FirstGroup PLC’s (LON:FGP) shares dropped sharply on Thursday as the transport firm saw its promises of portfolio rationalisation not followed up by actual disposals, with its full-year losses widening dramatically as a result of related write-downs.
The company's market value plunged by a fifth on Thursday afternoon, with the 20% drop in its share price to 103p on Thursday afternoon slashing its market capitalisation from £1.5bn to £1.1bn.
In a statement, the company said its full-year guidance remains unchanged but a write-down to the North American Greyhound coach division ahead of its planned sale caused the firm's statutory loss before tax to widen 40-fold to £187mln year-on-year.
The Aberdeen-headquartered transport group said the formal sale of the North American bus network is “well advanced” since the disposal announcement in May, but has now written off £124mln of the value of the asset.
In the six months to 30 September, the FTSE 250-listed group's revenue was up 7% to £3.5bn, while net debt nearly doubled to £2bn.
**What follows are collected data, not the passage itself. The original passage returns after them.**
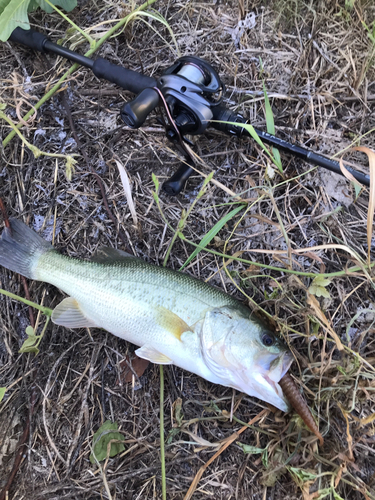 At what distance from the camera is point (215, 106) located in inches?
99.8

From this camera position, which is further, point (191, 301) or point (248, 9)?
point (248, 9)

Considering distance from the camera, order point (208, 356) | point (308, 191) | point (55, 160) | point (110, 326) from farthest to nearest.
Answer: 1. point (55, 160)
2. point (308, 191)
3. point (110, 326)
4. point (208, 356)

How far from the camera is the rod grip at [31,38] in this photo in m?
2.89

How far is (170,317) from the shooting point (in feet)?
7.80

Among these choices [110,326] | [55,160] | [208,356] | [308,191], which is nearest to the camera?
[208,356]

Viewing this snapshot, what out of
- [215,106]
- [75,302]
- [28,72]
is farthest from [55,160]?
[215,106]

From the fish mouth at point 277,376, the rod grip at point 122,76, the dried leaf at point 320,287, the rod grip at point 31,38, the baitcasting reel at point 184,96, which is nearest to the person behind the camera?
the dried leaf at point 320,287

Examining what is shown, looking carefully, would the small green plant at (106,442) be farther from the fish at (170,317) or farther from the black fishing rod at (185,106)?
the black fishing rod at (185,106)

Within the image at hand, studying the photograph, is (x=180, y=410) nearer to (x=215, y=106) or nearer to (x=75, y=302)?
(x=75, y=302)

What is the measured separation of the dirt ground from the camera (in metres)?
2.57

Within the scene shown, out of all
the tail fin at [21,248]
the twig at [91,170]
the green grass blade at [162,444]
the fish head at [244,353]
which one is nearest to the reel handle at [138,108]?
the twig at [91,170]

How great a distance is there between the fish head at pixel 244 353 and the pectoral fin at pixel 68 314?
916 millimetres

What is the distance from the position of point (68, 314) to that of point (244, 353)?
1325 millimetres

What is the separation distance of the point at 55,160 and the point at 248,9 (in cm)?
207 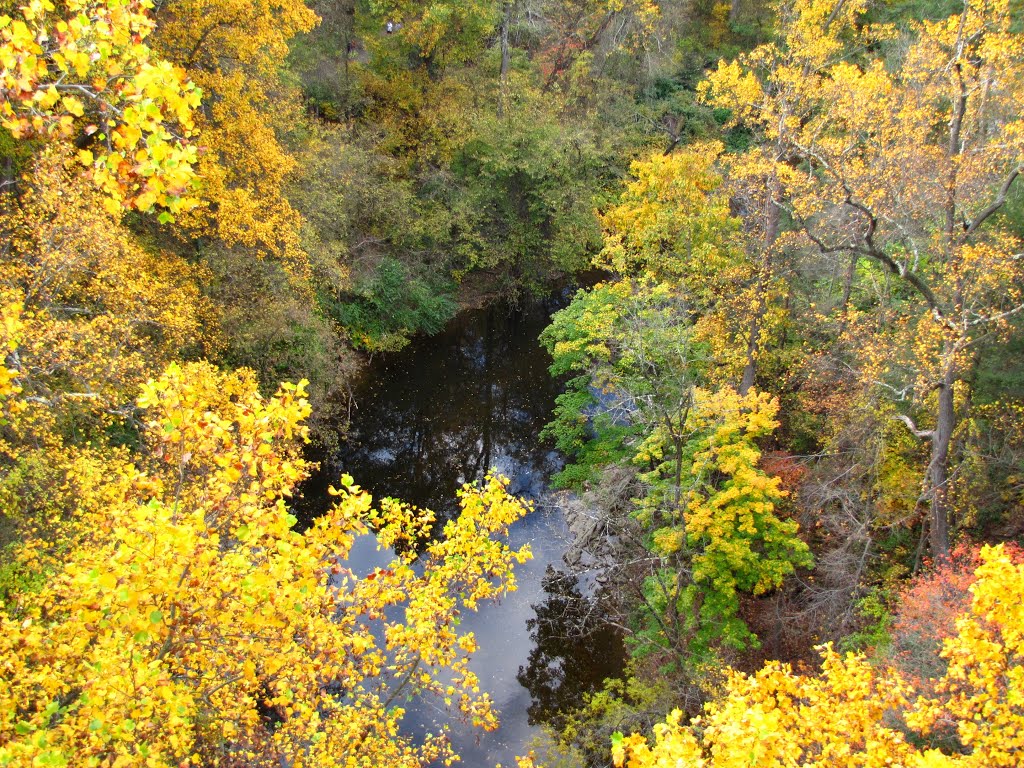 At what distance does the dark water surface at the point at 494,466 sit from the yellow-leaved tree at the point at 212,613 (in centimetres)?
743

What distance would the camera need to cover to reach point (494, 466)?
2327 cm

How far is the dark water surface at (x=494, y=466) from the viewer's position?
1572 centimetres

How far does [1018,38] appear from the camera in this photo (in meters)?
12.7

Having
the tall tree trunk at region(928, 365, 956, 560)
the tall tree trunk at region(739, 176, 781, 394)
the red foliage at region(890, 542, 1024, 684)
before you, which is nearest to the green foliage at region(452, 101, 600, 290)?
the tall tree trunk at region(739, 176, 781, 394)

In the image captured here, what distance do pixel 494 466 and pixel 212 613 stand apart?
17956 mm

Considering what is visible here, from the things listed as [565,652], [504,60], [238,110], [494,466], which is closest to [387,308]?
[494,466]

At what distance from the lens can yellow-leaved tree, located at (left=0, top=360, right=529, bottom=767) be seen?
4.72 m

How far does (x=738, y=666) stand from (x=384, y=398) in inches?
643

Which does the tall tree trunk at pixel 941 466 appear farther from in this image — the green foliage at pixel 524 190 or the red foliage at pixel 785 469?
the green foliage at pixel 524 190

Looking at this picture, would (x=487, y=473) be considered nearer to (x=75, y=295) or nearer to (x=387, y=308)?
(x=75, y=295)

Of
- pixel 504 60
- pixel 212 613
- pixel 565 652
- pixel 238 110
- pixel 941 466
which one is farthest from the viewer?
pixel 504 60

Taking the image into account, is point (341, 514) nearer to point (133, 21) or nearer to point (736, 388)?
point (133, 21)

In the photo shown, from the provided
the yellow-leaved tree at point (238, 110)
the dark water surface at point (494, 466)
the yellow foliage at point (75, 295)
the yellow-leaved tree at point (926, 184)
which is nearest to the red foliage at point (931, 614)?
the yellow-leaved tree at point (926, 184)

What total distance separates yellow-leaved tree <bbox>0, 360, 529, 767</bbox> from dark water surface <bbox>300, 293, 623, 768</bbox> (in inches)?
292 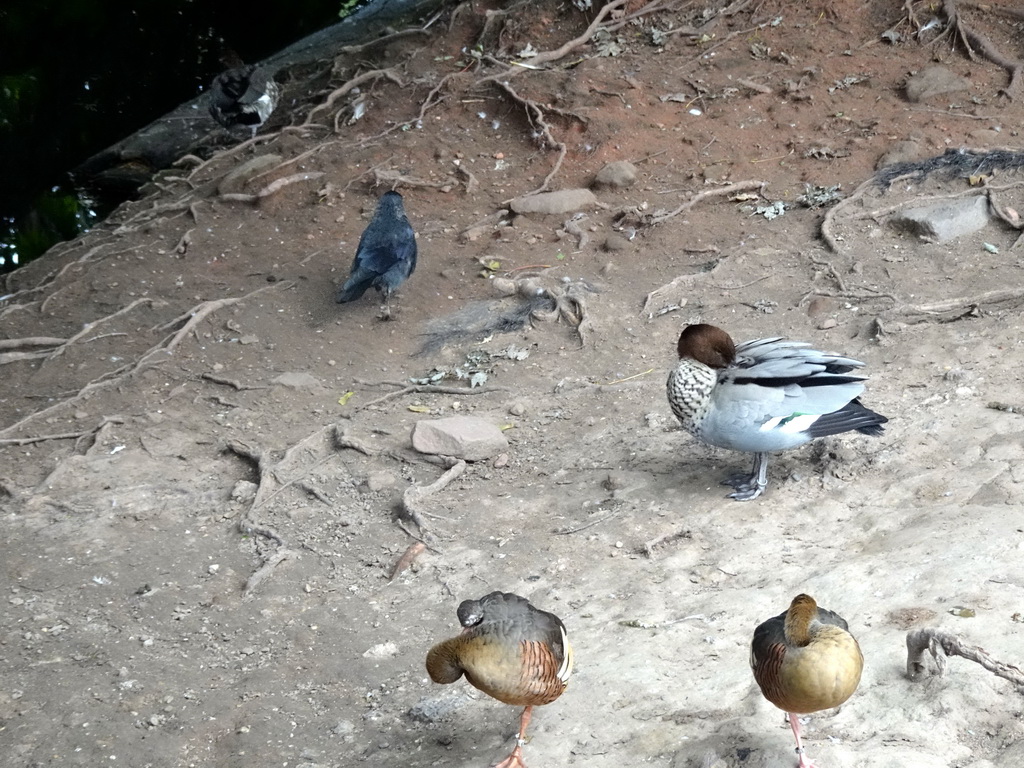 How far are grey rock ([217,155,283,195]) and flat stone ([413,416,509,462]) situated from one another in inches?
184

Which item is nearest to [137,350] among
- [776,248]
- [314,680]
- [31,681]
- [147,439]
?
[147,439]

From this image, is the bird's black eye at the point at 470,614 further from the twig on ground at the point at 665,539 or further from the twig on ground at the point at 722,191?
the twig on ground at the point at 722,191

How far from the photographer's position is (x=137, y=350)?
7.38m

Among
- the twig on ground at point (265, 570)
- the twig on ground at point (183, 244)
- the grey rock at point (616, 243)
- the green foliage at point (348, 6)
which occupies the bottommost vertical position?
the grey rock at point (616, 243)

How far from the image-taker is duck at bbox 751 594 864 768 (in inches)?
110

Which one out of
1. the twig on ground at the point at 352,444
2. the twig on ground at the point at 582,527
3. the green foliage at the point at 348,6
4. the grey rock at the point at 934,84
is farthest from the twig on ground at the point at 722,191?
the green foliage at the point at 348,6

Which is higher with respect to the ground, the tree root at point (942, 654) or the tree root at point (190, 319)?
the tree root at point (942, 654)

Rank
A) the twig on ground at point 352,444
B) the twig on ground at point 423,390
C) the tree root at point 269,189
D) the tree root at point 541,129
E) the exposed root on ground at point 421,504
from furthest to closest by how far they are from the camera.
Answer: the tree root at point 269,189 → the tree root at point 541,129 → the twig on ground at point 423,390 → the twig on ground at point 352,444 → the exposed root on ground at point 421,504

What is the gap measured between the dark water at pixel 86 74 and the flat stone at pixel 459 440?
6712mm

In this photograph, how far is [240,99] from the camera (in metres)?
10.8

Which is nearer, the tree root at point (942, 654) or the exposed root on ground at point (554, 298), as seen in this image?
the tree root at point (942, 654)

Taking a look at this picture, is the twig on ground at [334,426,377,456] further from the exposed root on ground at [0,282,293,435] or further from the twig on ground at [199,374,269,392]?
the exposed root on ground at [0,282,293,435]

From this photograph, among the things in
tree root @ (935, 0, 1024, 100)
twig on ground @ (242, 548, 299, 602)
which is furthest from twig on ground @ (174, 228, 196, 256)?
tree root @ (935, 0, 1024, 100)

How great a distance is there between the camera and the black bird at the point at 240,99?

The group said management's profit and earnings outlook for the full year remained consistent on a like-for-like basis but improved slightly due to foreign exchange and the award of the West Coast Partnership rail franchise with its partner, Italian network operator Trenitalia - though that remains somewhat up in the air as it could be investigated due to competition concerns.
There was no comment on the recent announcement of 27 days of strikes on its South Western Railway during December.
Analysts at Peel Hunt said FirstGroup's consensus forecasts are “unlikely to increase as these positive effects will be mitigated by the likely introduction of IFRS 16 into forecasts”.
Profit before tax is likely to be pushed below the current consensus to £31mln, said broker Peel Hunt, because of adjustments for the new IFRS 16 new accounting standards.